Relevant documentation for zarrs:
- https://docs.rs/zarrs/latest/zarrs/array/struct.Array.html#parallelism-and-concurrency
- https://docs.rs/zarrs/latest/zarrs/config/struct.Config.html#codec-concurrent-target
- https://docs.rs/zarrs/latest/zarrs/config/struct.Config.html#chunk-concurrent-minimum
If parallelism is external to zarrs (e.g. multiple concurrent Array::retrieve_ ops), it would be preferable to reduce the concurrent target to avoid potential thrashing. This can be done for individual retrieve/store operations with CodecOptions or by setting the global configuration.

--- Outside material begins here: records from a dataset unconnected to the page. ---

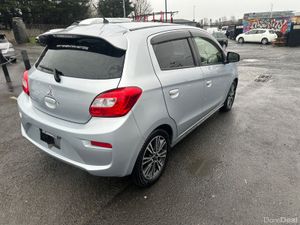 2019 MITSUBISHI MIRAGE 1.2L AUTOMATIC PUSH START - Image 4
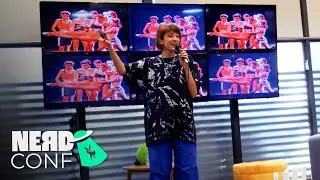 CÓMO CREAR UN MEDIO DESDE CERO: Periodismo creativo, performático y emprendedor l NERDCONF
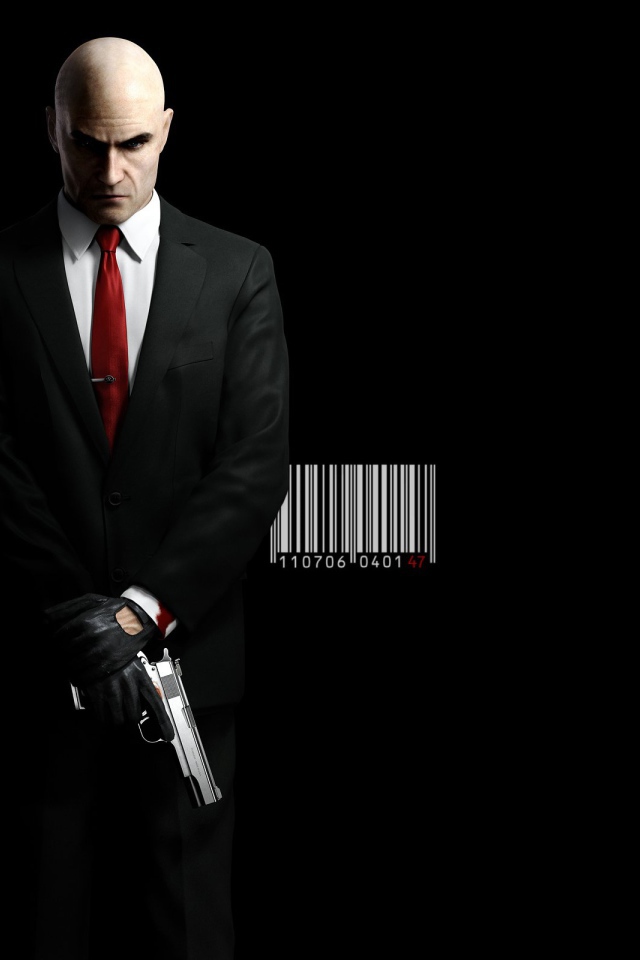 Игра Hitman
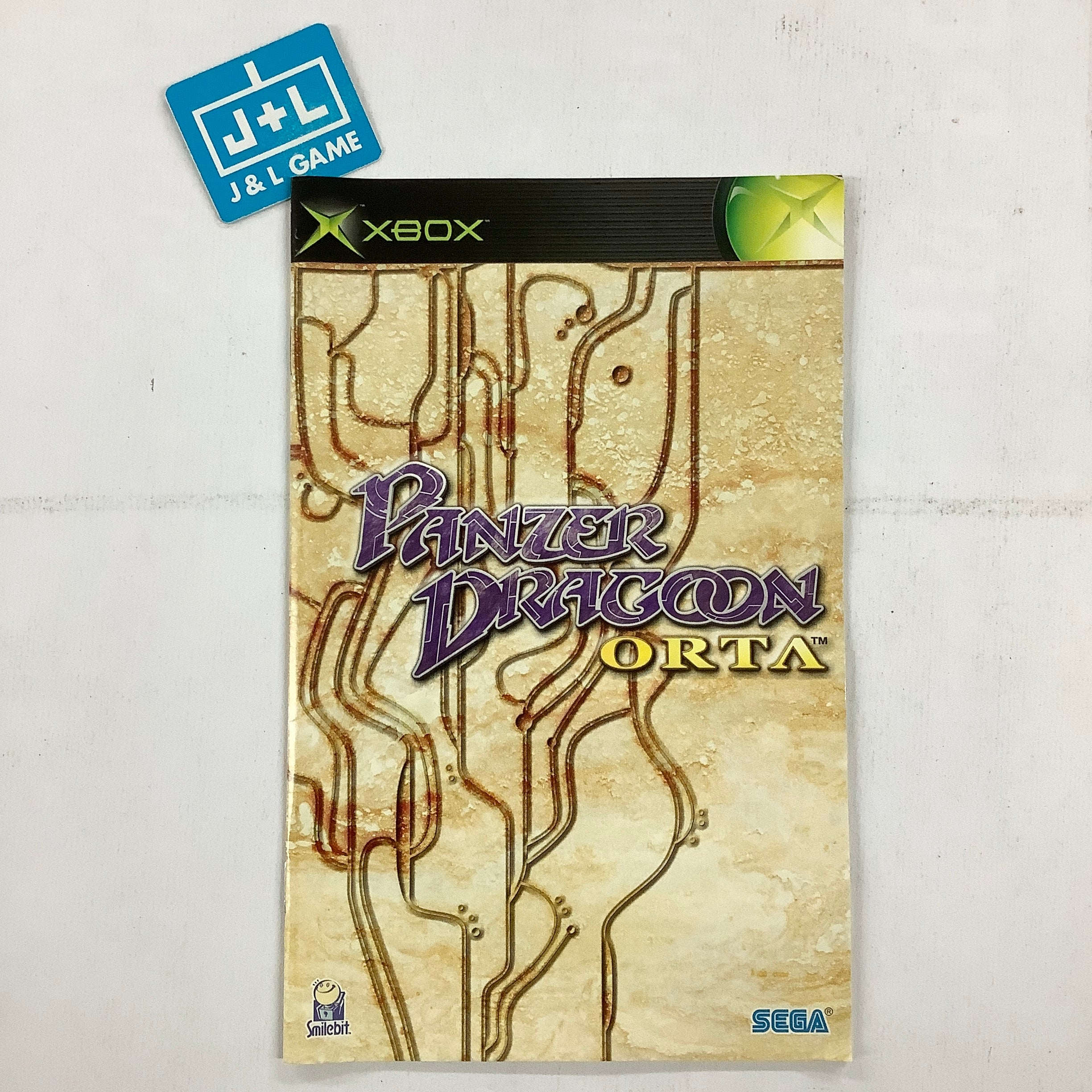 Panzer Dragoon Orta (Limited Edition) - (XB) Xbox [Pre-Owned] (Japanese Import) Video Games Sega   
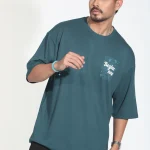 Begin Now  Drop T-Shirt - Midnight
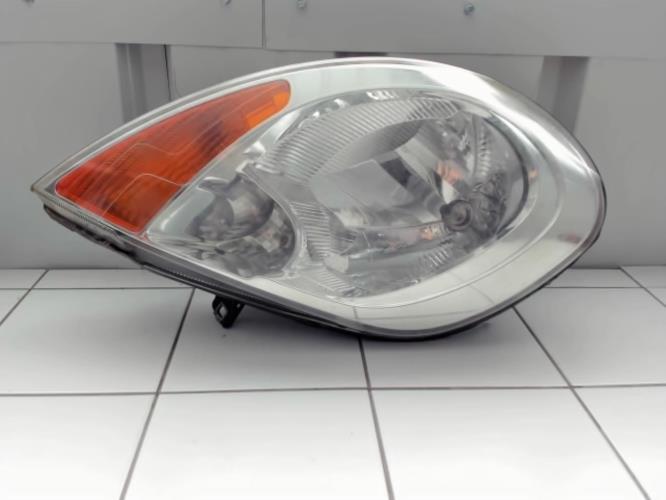 Image Optique avant principal droit (feux)(phare) - RENAULT TRAFIC 2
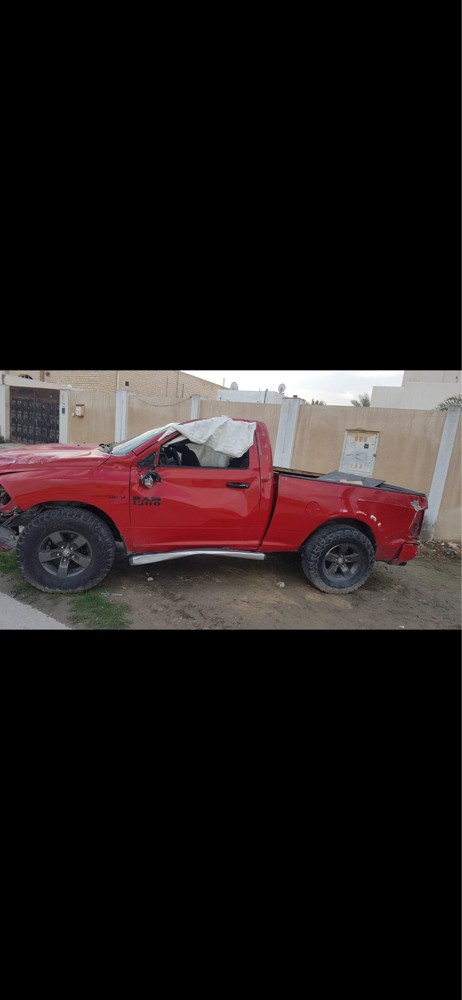 Dodge ram 2016 scrap parts - 3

Also looking at that benchmark again, do you have an idea of where the large allocation (8.7GB) is occurring in zarrs-python when concurrent chunks > 1?
it would be preferable to reduce the concurrent target to avoid potential thrashing
Quoting myself... but thrashing is not the right term here. That does not really happen with Rayon work stealing. It is more just a suboptimal work distribution. Defaults might be perfectly okay!